Назначен был день нашего выступления, и хозяева захотели угостить нас последним великолепным балом. Приглашены были соседи и соседки из всех окружных мест; собирались иллюминировать сад и сжечь чудесный фейерверк. Накануне посреди толкований о завтрашнем дне (ибо мы почти как домашние принимали участие во всех хозяйственных хлопотах) зашла речь, как теперь, о привидениях. Молодая графиня вспомнила, что есть одна комната в замке, которая с давних времен пользуется привилегией пугать всех жителей околотка разными страшными звуками и видениями. Эту самую комнату, за недостатком места, занимал сын графини. Он, смеясь, уверял, что до сих пор домовые производят на него одно действие: заставляют его спать богатырским сном. Мы, посмеявшись с ним вместе, разошлись по своим спальням. На другой день съехались в замок множество гостей.
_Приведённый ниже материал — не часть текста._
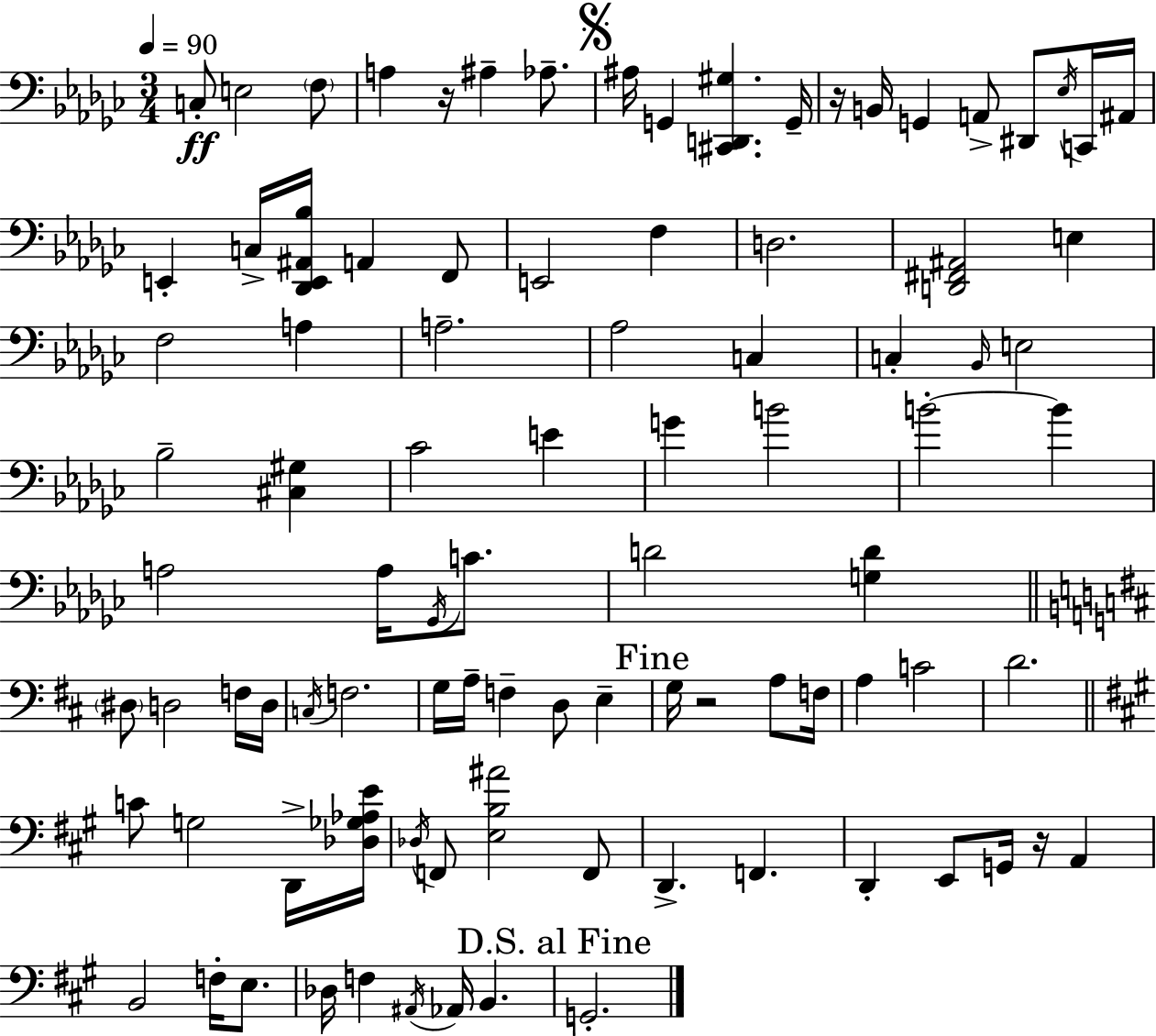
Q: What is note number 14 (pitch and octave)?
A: Eb3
Мы начали танцевать едва ли не с десяти часов утра, и танцевали вплоть до обеда, а после обеда вплоть до полуночи. Никто из нас не думал о том, что завтра в пять часов надобно было садиться на коня. Но, сказать правду, к концу дня мы были измучены донельзя и не без удовольствия заметили, что к первому часу гости стали уже разъезжаться. В комнатах становилось пусто; мы хотели также разойтись по спальням; но молодая графиня, для которой двадцать четыре часа танцев было то же, что выпить стакан воды, усердно упрашивала нас приглашать беспрестанно дам вальсировать, чтобы удержать разъезжающихся. Мы истощили последние силы, но наконец принуждены были просить дозволения у графини откланяться, ссылаясь на ее сына, который давно уже отправился в свою спальню.